EXERCISE DETAILS: First find the line with "Nicola Förg: Das", then reproduce it and all following lines of the data to the end, exactly and with no pictures, adding nothing.

[Short descriptive text snippets]
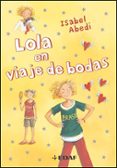 LOLA EN VIAJE DE BODAS de ABEDI, ISABEL 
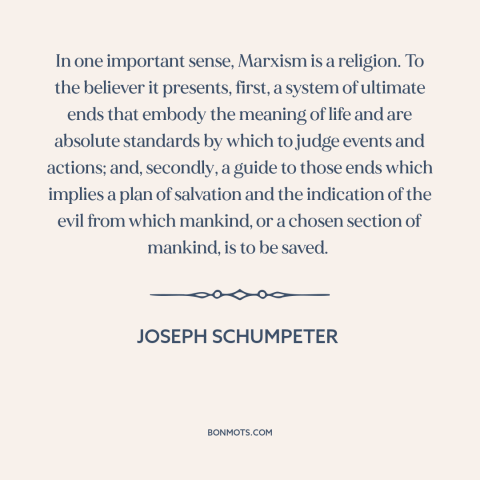 A quote by Joseph Schumpeter about marxism: “In one important sense, Marxism is a religion. To the believer it presents…”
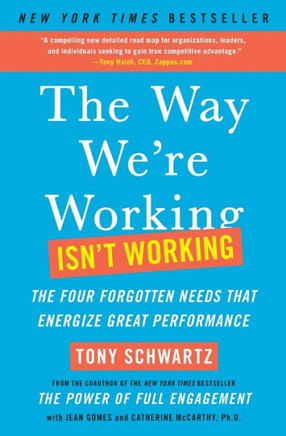 The Way We're Working Isn't Working: The Four Forgotten Needs That Energize Great Performance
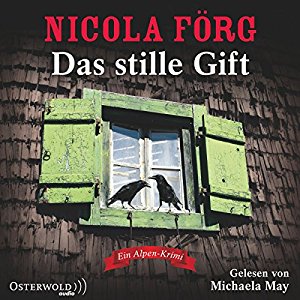 Nicola Förg: Das stille Gift (Irmi Mangold 7)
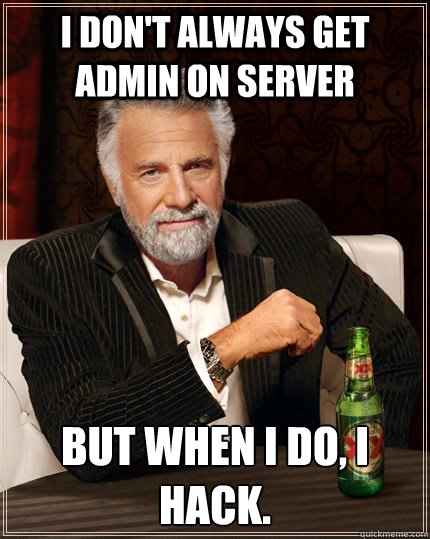 I don't always get admin on server but when I do, i hack. - I don't always get admin on server but when I do, i hack.  The Most Interesting Man In The World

THE COMPLETED TASK:
 Nicola Förg: Das stille Gift (Irmi Mangold 7)
 I don't always get admin on server but when I do, i hack. - I don't always get admin on server but when I do, i hack.  The Most Interesting Man In The World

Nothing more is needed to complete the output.